"""

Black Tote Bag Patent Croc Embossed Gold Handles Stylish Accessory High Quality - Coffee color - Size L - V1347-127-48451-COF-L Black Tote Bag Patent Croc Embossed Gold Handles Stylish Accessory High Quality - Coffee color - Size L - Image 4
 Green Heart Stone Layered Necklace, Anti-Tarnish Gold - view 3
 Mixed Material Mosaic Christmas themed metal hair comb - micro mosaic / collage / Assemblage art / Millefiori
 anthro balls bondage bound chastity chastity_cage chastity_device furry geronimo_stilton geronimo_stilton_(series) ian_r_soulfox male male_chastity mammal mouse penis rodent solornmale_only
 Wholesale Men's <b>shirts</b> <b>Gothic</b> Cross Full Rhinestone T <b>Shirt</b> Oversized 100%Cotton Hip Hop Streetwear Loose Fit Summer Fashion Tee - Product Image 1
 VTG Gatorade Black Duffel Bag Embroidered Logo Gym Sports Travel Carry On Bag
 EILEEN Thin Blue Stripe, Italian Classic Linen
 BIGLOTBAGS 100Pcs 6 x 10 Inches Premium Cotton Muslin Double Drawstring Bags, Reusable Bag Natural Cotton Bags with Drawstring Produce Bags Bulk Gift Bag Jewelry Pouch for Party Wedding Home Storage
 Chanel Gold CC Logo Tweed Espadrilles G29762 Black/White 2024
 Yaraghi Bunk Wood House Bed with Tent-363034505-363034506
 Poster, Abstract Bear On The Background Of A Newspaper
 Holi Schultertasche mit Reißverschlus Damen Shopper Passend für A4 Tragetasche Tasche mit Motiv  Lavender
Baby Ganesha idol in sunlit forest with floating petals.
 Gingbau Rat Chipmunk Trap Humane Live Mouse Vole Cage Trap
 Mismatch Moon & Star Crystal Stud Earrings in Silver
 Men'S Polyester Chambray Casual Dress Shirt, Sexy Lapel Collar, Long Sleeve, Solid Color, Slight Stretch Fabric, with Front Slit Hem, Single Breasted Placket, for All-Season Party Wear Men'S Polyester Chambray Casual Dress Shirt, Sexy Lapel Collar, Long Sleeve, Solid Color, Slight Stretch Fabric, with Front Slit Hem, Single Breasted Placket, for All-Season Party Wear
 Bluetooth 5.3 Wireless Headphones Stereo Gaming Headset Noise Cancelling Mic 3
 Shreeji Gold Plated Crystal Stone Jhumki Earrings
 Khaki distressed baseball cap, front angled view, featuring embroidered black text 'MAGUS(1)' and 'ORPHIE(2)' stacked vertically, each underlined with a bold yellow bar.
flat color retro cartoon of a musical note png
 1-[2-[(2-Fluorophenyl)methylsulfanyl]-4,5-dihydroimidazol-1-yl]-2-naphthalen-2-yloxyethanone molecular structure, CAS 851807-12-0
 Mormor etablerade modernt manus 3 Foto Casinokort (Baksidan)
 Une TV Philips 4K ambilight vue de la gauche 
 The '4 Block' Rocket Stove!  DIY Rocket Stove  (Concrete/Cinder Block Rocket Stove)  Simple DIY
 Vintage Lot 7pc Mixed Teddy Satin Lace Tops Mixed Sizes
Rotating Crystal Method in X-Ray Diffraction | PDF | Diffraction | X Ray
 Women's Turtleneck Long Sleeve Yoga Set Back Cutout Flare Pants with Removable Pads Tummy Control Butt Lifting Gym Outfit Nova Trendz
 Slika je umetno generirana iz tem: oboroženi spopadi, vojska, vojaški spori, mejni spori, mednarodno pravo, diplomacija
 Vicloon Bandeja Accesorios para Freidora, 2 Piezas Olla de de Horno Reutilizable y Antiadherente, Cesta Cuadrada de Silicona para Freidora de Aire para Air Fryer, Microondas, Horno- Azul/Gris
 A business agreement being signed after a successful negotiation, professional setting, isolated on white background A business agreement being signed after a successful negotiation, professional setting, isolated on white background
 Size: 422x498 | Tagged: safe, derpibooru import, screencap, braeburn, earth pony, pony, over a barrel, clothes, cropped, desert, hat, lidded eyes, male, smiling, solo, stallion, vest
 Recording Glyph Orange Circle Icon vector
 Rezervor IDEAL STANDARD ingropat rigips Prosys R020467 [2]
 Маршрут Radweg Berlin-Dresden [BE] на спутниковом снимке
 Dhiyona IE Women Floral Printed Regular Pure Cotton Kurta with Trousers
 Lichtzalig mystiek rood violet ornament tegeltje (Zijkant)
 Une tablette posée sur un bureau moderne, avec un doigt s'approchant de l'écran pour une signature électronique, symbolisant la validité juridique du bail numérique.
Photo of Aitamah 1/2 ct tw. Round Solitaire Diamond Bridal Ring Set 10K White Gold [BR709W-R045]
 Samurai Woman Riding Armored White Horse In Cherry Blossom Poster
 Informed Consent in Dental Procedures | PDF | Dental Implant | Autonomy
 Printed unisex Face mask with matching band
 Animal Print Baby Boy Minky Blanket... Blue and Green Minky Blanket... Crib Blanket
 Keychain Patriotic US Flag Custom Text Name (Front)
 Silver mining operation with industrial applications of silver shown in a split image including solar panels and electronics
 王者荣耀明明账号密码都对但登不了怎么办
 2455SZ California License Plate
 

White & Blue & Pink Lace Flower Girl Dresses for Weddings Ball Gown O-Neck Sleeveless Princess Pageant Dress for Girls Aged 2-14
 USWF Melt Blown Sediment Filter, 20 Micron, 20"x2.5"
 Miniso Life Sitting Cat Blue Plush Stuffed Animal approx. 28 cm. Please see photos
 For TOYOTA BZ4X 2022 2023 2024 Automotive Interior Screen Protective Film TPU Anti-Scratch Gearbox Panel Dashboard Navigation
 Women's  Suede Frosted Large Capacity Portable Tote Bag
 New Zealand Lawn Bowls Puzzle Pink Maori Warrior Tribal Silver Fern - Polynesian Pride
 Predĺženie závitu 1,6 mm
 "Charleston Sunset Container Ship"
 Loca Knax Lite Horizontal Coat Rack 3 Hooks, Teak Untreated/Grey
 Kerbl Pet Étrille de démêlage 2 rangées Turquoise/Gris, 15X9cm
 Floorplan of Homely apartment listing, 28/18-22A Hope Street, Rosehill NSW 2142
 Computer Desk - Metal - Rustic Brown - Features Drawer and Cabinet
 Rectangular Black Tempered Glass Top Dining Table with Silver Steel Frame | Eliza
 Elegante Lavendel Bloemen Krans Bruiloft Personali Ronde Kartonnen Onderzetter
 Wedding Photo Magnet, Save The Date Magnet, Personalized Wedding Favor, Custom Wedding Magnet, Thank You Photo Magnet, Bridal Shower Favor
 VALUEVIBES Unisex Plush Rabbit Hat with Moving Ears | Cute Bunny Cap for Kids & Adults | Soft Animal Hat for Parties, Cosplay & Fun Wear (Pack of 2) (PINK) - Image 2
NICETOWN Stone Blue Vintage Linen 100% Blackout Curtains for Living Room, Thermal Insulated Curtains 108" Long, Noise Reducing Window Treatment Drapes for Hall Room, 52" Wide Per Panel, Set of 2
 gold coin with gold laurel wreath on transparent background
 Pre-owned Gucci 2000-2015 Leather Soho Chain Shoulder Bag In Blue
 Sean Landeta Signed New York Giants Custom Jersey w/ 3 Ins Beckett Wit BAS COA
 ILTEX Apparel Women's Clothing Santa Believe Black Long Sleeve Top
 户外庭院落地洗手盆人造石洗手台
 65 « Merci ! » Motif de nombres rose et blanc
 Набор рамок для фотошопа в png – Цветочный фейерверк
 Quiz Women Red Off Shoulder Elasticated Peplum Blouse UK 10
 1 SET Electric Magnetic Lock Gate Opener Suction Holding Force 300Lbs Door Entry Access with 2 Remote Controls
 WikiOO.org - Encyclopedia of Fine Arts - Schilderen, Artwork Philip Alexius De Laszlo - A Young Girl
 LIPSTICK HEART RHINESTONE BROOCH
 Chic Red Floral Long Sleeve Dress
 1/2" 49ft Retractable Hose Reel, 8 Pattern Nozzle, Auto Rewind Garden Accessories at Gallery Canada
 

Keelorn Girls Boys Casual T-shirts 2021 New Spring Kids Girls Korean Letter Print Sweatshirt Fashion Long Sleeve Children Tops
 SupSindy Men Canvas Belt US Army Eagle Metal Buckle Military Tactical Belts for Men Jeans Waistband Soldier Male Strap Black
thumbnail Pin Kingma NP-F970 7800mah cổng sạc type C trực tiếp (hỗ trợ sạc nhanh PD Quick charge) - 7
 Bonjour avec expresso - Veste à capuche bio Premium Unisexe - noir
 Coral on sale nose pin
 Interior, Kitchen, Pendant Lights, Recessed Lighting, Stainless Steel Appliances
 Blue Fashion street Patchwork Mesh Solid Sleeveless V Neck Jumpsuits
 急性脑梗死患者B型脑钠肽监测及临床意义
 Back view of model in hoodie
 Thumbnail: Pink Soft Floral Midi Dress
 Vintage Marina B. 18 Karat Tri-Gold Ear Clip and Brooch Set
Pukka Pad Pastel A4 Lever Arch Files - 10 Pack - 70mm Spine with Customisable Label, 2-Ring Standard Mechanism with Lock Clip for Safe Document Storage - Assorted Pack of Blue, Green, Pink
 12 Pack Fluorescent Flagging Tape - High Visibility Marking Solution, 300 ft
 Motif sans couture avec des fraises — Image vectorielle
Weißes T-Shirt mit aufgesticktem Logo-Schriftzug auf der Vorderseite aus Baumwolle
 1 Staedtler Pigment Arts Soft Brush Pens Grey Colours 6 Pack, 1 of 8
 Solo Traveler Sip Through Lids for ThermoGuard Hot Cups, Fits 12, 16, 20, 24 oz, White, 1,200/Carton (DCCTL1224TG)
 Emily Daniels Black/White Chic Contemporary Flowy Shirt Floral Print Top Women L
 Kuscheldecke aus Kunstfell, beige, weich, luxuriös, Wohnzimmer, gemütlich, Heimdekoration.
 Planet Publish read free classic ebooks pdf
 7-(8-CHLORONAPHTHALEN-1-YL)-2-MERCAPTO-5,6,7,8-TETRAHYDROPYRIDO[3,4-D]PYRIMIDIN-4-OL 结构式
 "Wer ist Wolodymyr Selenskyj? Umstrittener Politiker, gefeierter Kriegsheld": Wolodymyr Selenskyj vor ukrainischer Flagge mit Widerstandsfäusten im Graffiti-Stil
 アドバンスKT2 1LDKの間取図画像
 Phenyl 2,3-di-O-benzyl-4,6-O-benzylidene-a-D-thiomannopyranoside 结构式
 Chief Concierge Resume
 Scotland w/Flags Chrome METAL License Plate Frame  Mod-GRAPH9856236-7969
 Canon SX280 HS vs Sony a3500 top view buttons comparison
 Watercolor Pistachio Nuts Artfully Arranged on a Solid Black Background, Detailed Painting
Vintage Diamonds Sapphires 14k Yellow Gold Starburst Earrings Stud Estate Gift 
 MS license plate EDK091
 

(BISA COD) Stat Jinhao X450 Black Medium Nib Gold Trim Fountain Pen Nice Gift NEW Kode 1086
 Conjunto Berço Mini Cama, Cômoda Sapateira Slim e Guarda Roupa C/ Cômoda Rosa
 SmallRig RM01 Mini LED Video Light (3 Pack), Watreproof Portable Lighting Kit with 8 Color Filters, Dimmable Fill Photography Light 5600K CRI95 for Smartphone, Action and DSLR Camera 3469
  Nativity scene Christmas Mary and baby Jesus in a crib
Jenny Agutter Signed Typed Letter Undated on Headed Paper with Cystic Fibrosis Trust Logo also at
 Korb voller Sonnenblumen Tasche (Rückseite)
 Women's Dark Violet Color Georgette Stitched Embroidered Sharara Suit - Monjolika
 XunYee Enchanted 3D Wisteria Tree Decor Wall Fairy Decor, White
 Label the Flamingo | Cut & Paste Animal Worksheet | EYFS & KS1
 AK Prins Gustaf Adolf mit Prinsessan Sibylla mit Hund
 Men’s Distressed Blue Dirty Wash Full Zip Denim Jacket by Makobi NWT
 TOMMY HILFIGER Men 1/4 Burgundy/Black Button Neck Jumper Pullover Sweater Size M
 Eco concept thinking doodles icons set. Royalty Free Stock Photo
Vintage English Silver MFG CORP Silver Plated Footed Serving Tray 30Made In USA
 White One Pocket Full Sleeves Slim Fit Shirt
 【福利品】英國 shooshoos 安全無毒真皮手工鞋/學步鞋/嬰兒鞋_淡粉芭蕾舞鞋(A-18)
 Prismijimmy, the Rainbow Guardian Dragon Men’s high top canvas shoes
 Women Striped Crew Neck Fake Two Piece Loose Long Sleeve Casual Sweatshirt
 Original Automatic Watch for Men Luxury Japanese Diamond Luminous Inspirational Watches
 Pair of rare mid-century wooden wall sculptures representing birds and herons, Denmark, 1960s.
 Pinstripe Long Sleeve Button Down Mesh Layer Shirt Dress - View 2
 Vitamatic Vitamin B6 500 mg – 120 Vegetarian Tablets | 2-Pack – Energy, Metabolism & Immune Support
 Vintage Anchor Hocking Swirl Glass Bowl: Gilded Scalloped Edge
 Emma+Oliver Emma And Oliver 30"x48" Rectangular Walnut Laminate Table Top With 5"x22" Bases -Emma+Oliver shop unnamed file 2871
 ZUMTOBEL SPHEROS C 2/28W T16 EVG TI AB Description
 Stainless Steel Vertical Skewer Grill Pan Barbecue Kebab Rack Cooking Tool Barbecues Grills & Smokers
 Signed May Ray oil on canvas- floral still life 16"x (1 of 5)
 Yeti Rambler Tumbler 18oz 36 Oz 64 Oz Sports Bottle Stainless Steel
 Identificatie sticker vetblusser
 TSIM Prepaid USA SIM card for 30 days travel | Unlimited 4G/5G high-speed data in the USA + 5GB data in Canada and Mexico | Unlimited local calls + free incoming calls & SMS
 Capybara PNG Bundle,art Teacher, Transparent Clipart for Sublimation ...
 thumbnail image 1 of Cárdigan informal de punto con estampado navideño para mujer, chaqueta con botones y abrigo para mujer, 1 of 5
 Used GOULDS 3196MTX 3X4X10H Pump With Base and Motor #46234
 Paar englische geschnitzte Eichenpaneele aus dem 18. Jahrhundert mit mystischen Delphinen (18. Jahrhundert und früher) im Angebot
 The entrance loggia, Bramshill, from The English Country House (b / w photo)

"""

| WHAT IS NEEDED |
Each line holding the word "Sleeveless" must be copied from the data.

| RESPONSE BOX |
White & Blue & Pink Lace Flower Girl Dresses for Weddings Ball Gown O-Neck Sleeveless Princess Pageant Dress for Girls Aged 2-14
 Blue Fashion street Patchwork Mesh Solid Sleeveless V Neck Jumpsuits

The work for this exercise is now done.